Mars: le 14, Honoré a épousé Madame Hanska, je suis ravie, enfin l'amour triomphe.

Chut, laissons-les s'aimer.

 

Avril: le 1er, exquis poisson, Albert, sacré farceur,  est né. Le 8, François-René a embarqué

pour l'Amérique, ce snob ne prend jamais l'avion depuis que le Concorde ne vole plus. Il prétend

qu'il n'a aucune chance de rencontrer Naomi Campbell sur un vol ordinaire, seulement des Atala

ou des René en tong et survêtements marqués I love New York ou Yes we can , donc ça l'intéresse

pas. François-René mon grand, fais attention, le monde a changé.

 

Mai: chic, Gustave est rentré de son voyage en Orient.On va pouvoir reprendre nos parties de

scrabble (endiablées)

 

Juin: le 16, Jacques qui participe au Veme symposium international sur Joyce, a prononcé

une  célèbre (et courte!) et très inspirée  allocution "Joyce le symptôme", en hommage à

celui qu'il considère comme un génie. Depuis, il estime acquis de se resservir 3 fois

de charlotte au chocolat et se montre exécrable avec ses camarades. Un bien mauvais exemple.

A méditer.

 

Juillet: tout le monde part en colonie de vacances

 

Août: l'éventail a vu le jour, le sort de l'humanité en sera changé. Mais pas celui de "l'Humanité"

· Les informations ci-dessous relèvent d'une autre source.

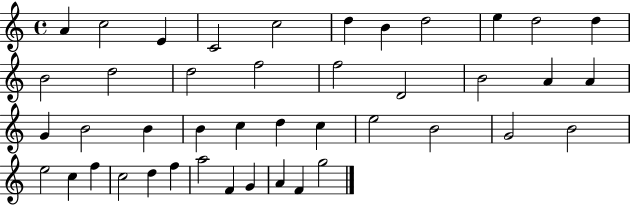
X:1
T:Untitled
M:4/4
L:1/4
K:C
A c2 E C2 c2 d B d2 e d2 d B2 d2 d2 f2 f2 D2 B2 A A G B2 B B c d c e2 B2 G2 B2 e2 c f c2 d f a2 F G A F g2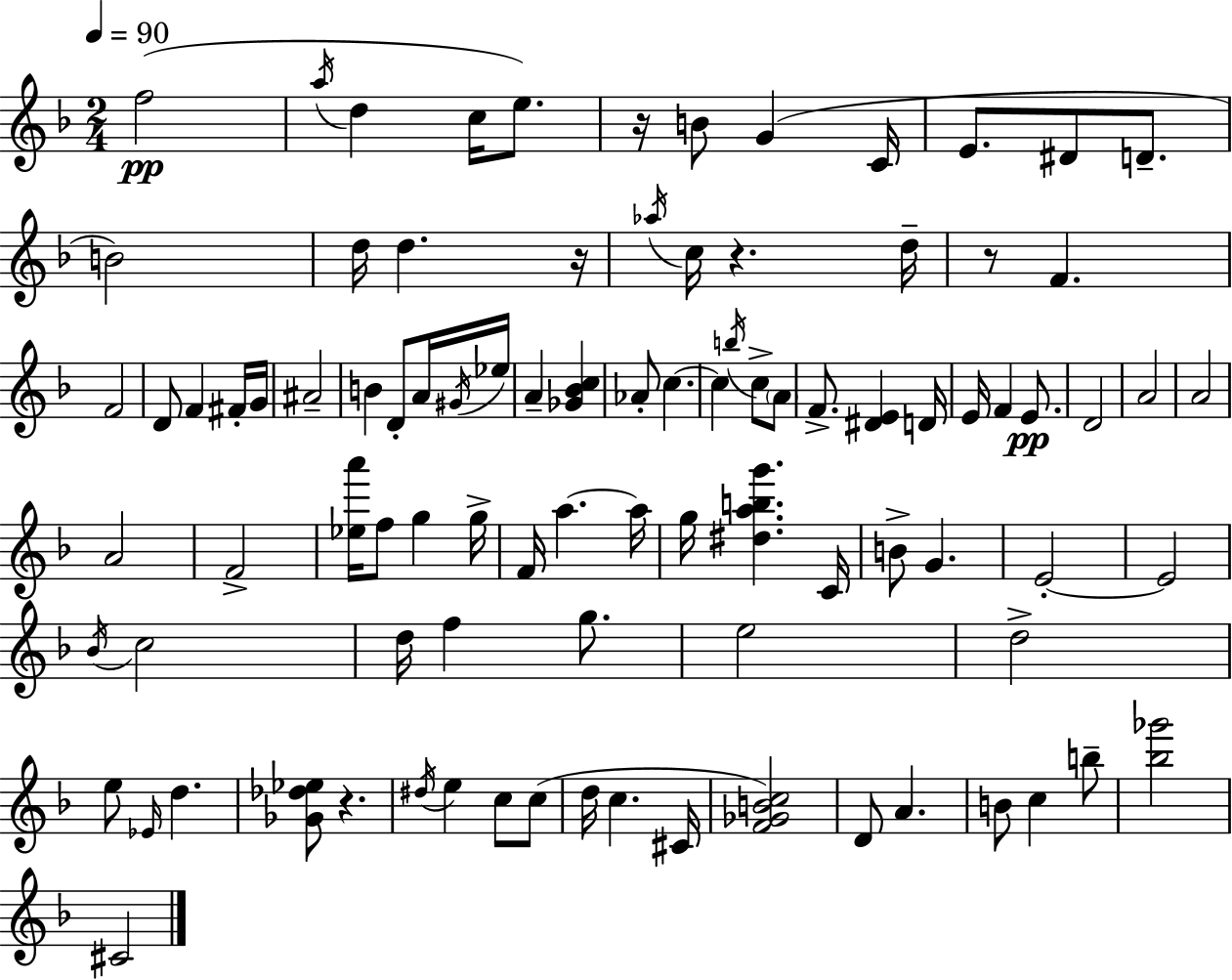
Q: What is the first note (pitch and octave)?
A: F5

( 532ème souscription). Ceci dit, c'est aussi un peu la fin des haricots. On sait pas. C'est brouillon

tout ça.

 

Septembre: comme tous les écoliers, Victor reprend le chemin de l'école et écrit quelques

sublimes Contemplations respectant le programme, maths, grammaire, etc:

"Marquis, je m'en souviens, vous veniez chez ma mère.

Vous me faisiez parfois réciter ma grammaire;

Vous m'apportiez toujours quelque bonbon exquis;

Et nous étions cousins quand on était marquis.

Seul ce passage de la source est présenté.